13 Aprile 2016
Anai – Come l’empatia salva il lavoro umano
“C’è un forte bisogno di contatti personali che non può essere soddisfatto dagli automi.
Anche se la cibernetizzazione comporta indubbiamente una capacità produttiva pressoché illimitata, che richiede sempre meno manodopera umana.
Ma c’è chi esprime forti dubbi su questa previsione.
Noi siamo una specie profondamente sociale. E il desiderio di contatti umani si riflette sulla nostra vita economica.
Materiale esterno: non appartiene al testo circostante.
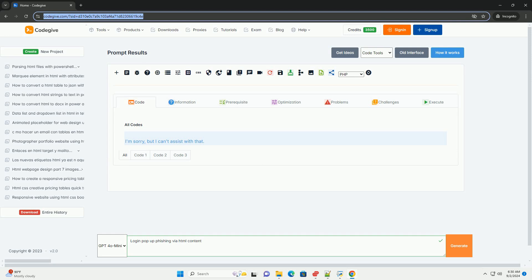These pop-ups can be triggered through malicious links or scripts embedded in legitimate-looking emails or websites. When users enter their credentials into these fraudulent forms, the information is captured by the attackers.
In molte delle cose per le quali spendiamo i nostri soldi c’è un esplicito elemento interpersonale. Ci riuniamo, a teatro o allo stadio, per apprezzare l’espressività o l’abilità umana. I clienti abituali di un certo bar o ristorante vi si recano non soltanto per il cibo e le bevande, ma anche per l’ospitalità. Allenatori e trainer forniscono una motivazione che è impossibile trovare nei libri o nei video. I buoni insegnanti trasmettono agli studenti l’ispirazione per continuare ad apprendere, psicologi e terapeuti stringono con i pazienti legami che li aiutano a guarire. In questi e molti altri casi, l’interazione umana non è marginale bensì cruciale per la vita di ognuno.
Anziché enfatizzare la quantità delle esigenze umane, sarebbe meglio concentrarsi sulla loro qualità. Gli esseri umani hanno bisogni economici che possono essere soddisfatti soltanto da altri esseri umani, e ciò rende meno probabile che facciamo la fine dei cavalli”.
Così gli economisti Erik Brynjolfsson e Andrew McAfee.